There are apparent "designed legacies" in my life. One glaring example is that I now work in a pediatric cancer research lab to study the subtype of leukemia that results in the death of my eight-year-old. I have a leukemia cell line growing in an incubator right now. The cancerous cells came from a 10-year-old male with biphenotypic B-myelomonocytic leukemia. They have a t(4;11) fusion gene. This may not mean something to most people, but it is a big deal to me. Ewan's cancer had similar swapping of genetic material––on chromosomes 9 and 11, very similar to the MV4;11 cells I am culturing now. Both types of fusion gene mutations lead to cancers that are resistant to drug therapy. Since chemotherapy is ineffective against such cancers, I spend my days looking for different treatments. I focus on T-cells to target and kill the cancerous cells. Working in a pediatric cancer research lab is relaxing, like fishing.

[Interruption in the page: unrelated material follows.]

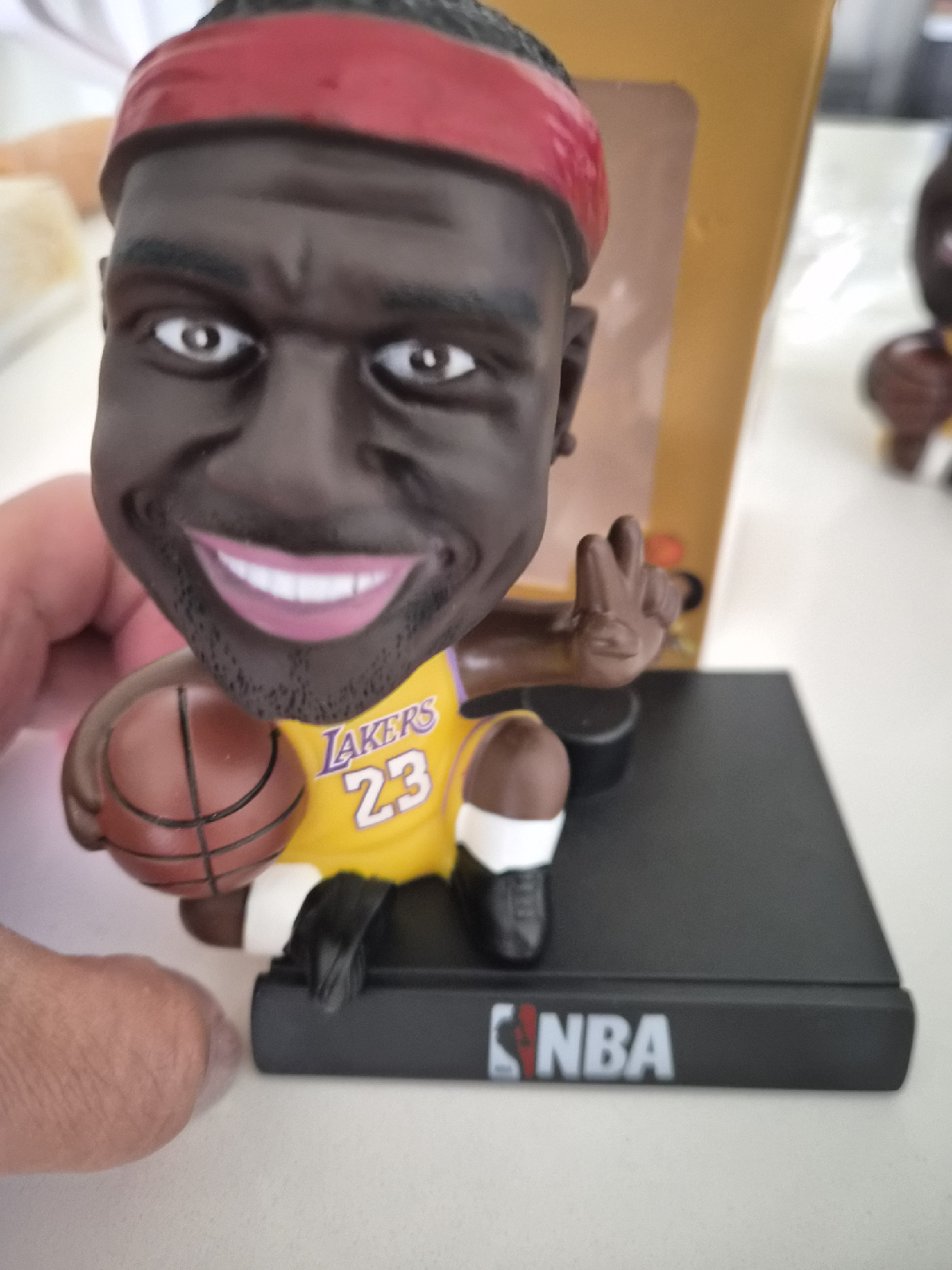 LeBron James NBA Bobblehead Figurine - photo 2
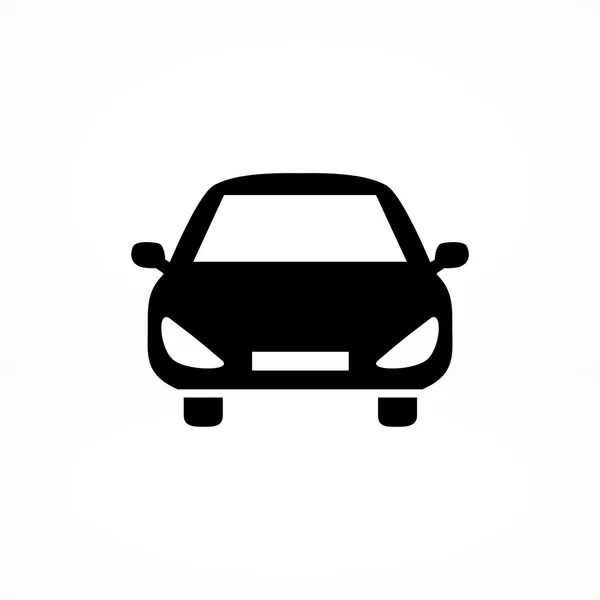 Auto, Transport flach Symbol — Stockvektor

Except when it isn't. When pressed against deadlines for data to present in meetings, I feel stressed. I see the academic knives falling on the heads of faculty. Careers and grants are riding on this research. These are important points, but I value caring for antagonists to cancer cells most. I've already driven down the darkest tunnel possible in my personal life. Driving across impossibly challenging terrain, I've learned that most of my efforts will fail. Despite modern medicine's best efforts, enemies will outwit us. Our understanding of science still fails us. Therefore, we need to lift and support the brave, brilliant pioneers like my physician-scientist colleague, the one who is having a baby. We depend on her for a better understanding of life and her patients' medical problems. We rely on her for future hope and better outcomes.
Ironically, I must care for cancer cells to kill cancer cells. Because of this paradox, I make us put down our pipettes and gather for going-away parties and baby showers, any excuse to celebrate. These are our eureka moments––to remember why we do what we do. For each other. I understand something scientists may not readily have a window into––we must care for each other to kill our enemies. It's the elegant innocence that elevates us out of our dilemmas. Celebrating life's moments is what carries us forward.